I think it would be helpful to allow multiple entry points per contract, since the contract also defines a natural “trust boundary” – methods within the contract can trust other methods in the contract. Having every contract include code to do dispatch sounds like it will cause a lot of unnecessary duplication (and we also want the VM to recognize special methods, such as the access-control methods, and verification methods for account abstraction, etc.).

One thing that could be interesting is to allow a read-only “lending” of an asset to another account for the duration of a cross-contract call. This would allow us to easily prove asset ownership and contents, while maintaining the “only owner can access” rule.

For example, suppose I have an asset that holds my “contributor status” for some project . The project wants to allow contributors to claim an NFT based on their contribution level. By “lending” my status asset to the NFT-granting contract, I can allow it to verify that I have the required level.

(Alternatively, we might just want to automatically grant read-only access to all assets owned by the originator of a cross-contract call).

For the purpose of the prototype, let’s just pick a reasonable starting point. I agree that 32 bits is probably too small. 256 bits feels large and would result in a lot of wasted space (EVM has this issue). But we could go with 256 bit keys and 256 bit values for now for simplicity. Changing these in future would not be hard, and in any case the compiler and/or runtime can do some optimization here and pack things more efficiently if necessary. Here’s how it’s done in Ethereum: Layout of State Variables in Storage — Solidity 0.8.26 documentation.

Are we sure we don’t want to handle this in the runtime? Yes, having each capability checked by a cross-contract call would be the most flexible way to do it, but it would also be inefficient and expensive. By contrast if a resource had a permission set (e.g., a set of accounts allowed to borrow, mutate, or burn it), the runtime could perform that check without the added overhead of an additional call.

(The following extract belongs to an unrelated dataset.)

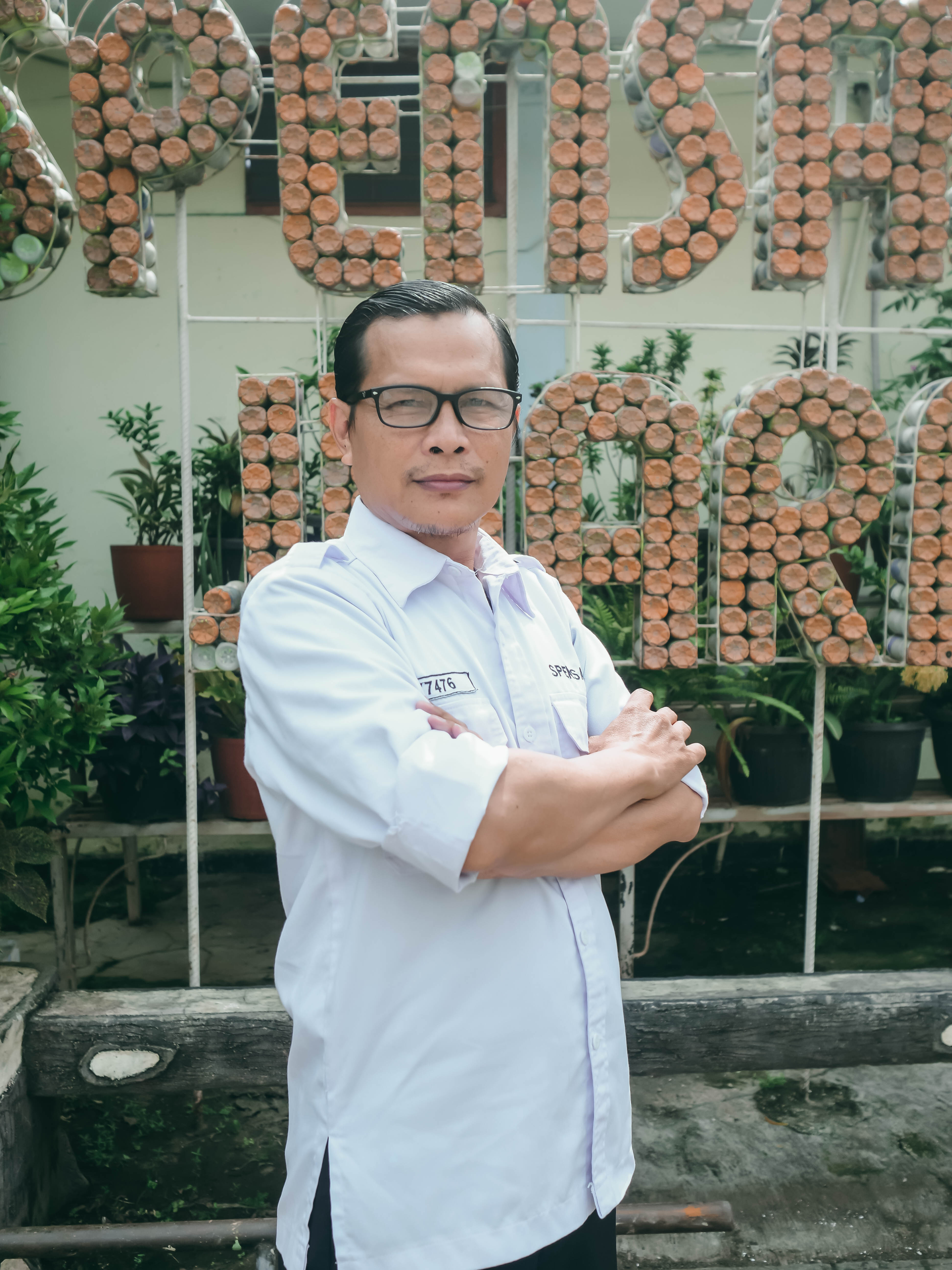 YUDI RUDIYANTO, S.P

I agree that 256-bit keys feels a little large, but fine for now. I think values that are dynamic byte arrays would be better than a fixed size (e.g., 1-byte length and 1-256 bytes of value).

That’s true. Maybe it’s enough to just have an all-or-nothing approach at first (i.e., either you can transfer to any account willing to accept, or you can only transfer by calling an asset-associated method directly).

We still need a mechanism to check if an account is willing to accept a rent-requiring asset. But maybe the Diem/Aptos method is ok (IIRC, the account needs to explicitly “opt in” to accept an asset type via a separate transaction).